■ Exercise goal ■
What you write should be an exact repeat of the lines from the one with "- Foto, immagini" through the final line below, minus the pictures.
*** Opening Provided records ***
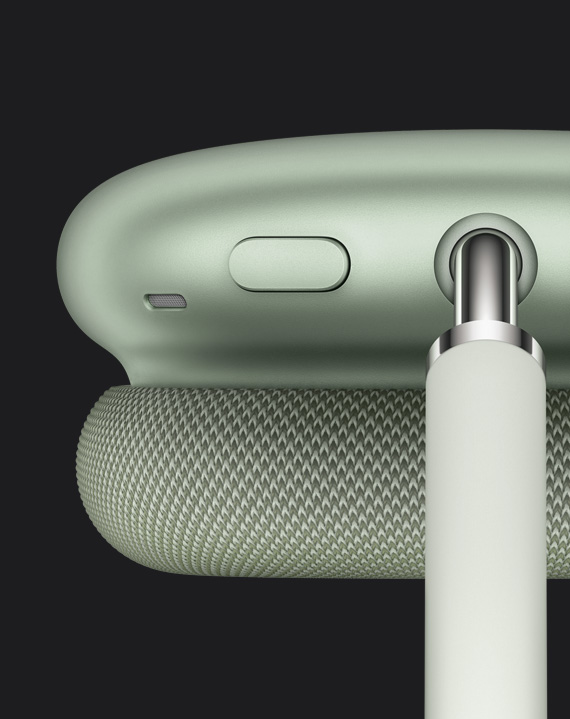 Yksityiskohtainen näkymä vihreiden AirPods Max ‑kuulokkeiden kuulokekupin yläosassa, yläsangan kiinnityskohdan vieressä olevasta Melunhallinta-painikkeesta.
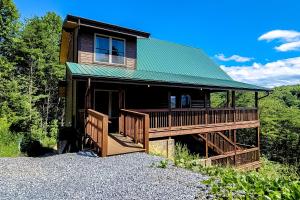 a house with a green roof and a porch at Rocky Top Jewel Cabin in Park Settlement
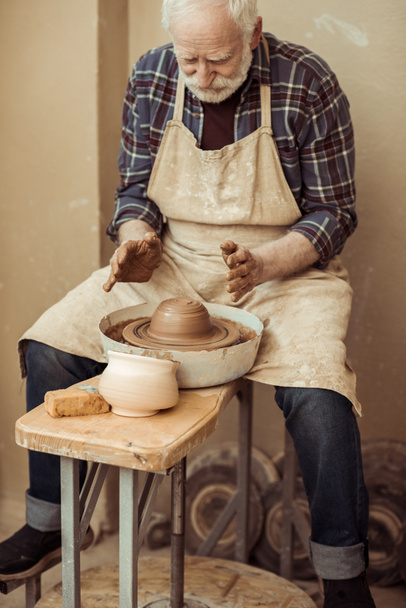 Vista frontale dell'artigiano maschile che lavora sulla ruota dei vasai
 - Foto, immagini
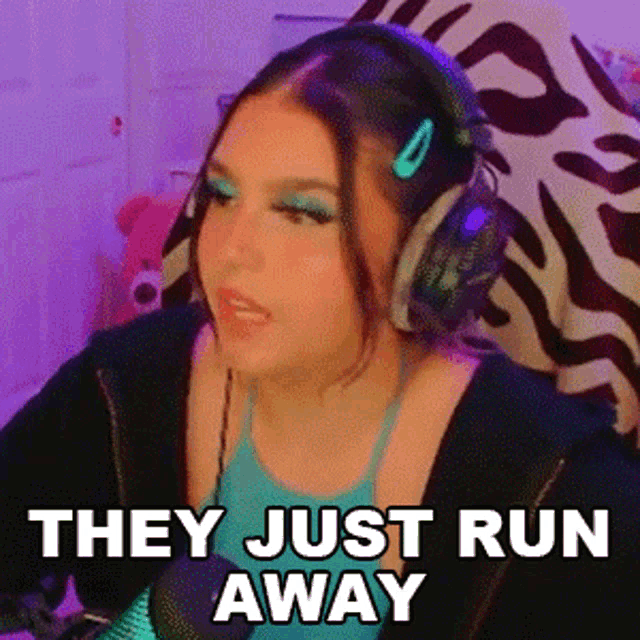 a woman wearing headphones says " they just run away " in front of a microphone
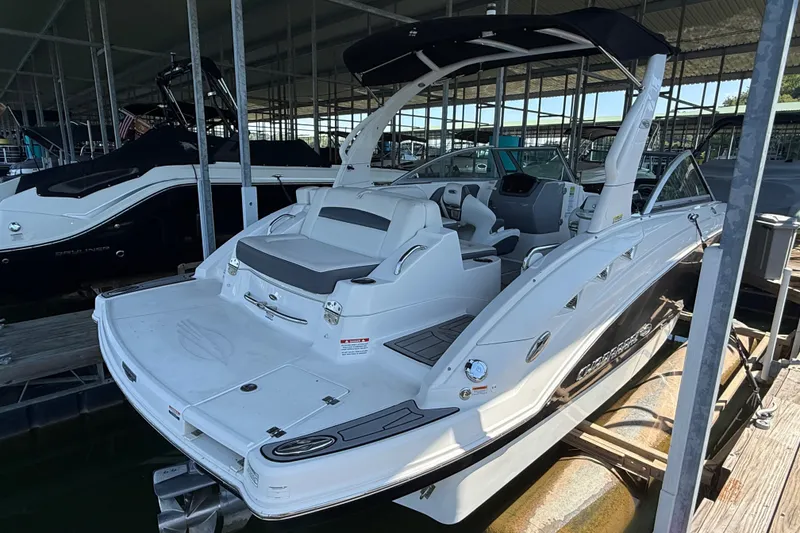 Slide: The Image of 2014 Chaparral 224 Sunesta boat docked in a marina, featuring sleek design and spacious seating. - 5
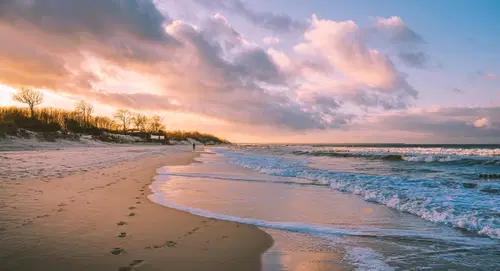 Ein sch&ouml;ner Strand bei Sonnenuntergang mit sanften Wellen, footprints im Sand und einem bew&ouml;lkten Himmel.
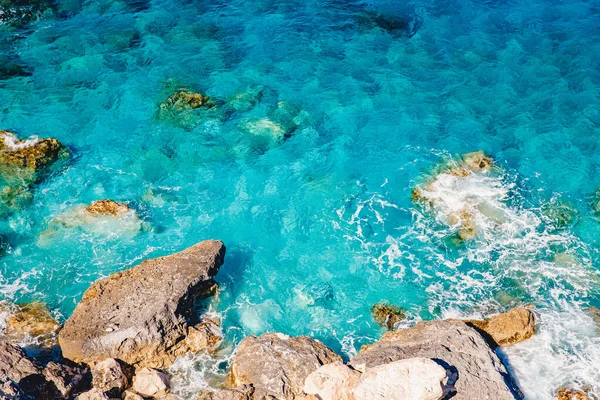 Blå smaragd havsvatten med stora stenar stranden. Klippig strand transparent turkos botten Malta — Stockfoto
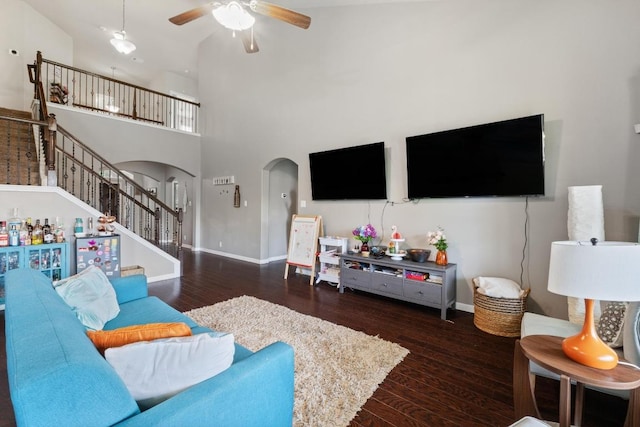 137 Paul Azinger Dr, Round Rock, TX 78664 - living room featuring arched walkways, ceiling fan, wood finished floors, a high ceiling, and stairs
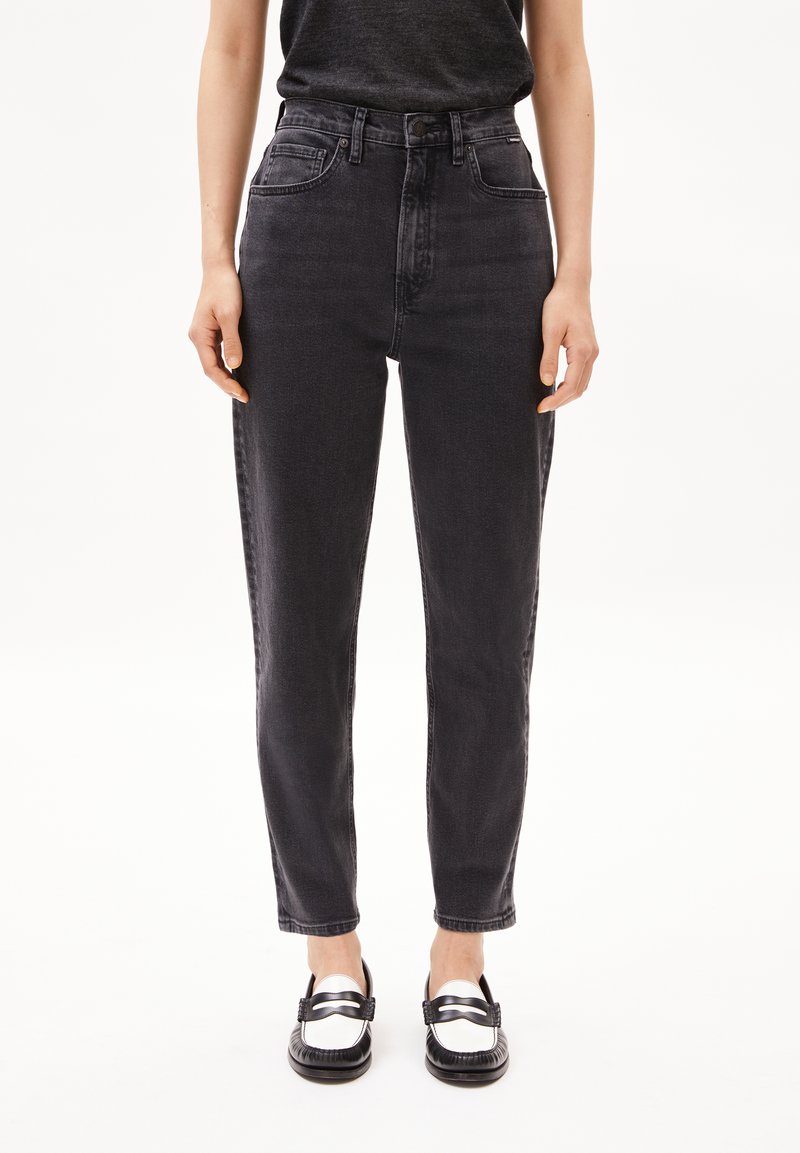 High-waisted black jeans in a slim fit, featuring front pockets, subtle texture, and stitched detailing, paired with black and white loafers.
*** Closing Provided records ***
■ Result for this exercise ■
 - Foto, immagini
 a woman wearing headphones says " they just run away " in front of a microphone
 Slide: The Image of 2014 Chaparral 224 Sunesta boat docked in a marina, featuring sleek design and spacious seating. - 5
 Ein sch&ouml;ner Strand bei Sonnenuntergang mit sanften Wellen, footprints im Sand und einem bew&ouml;lkten Himmel.
 Blå smaragd havsvatten med stora stenar stranden. Klippig strand transparent turkos botten Malta — Stockfoto
 137 Paul Azinger Dr, Round Rock, TX 78664 - living room featuring arched walkways, ceiling fan, wood finished floors, a high ceiling, and stairs
 High-waisted black jeans in a slim fit, featuring front pockets, subtle texture, and stitched detailing, paired with black and white loafers.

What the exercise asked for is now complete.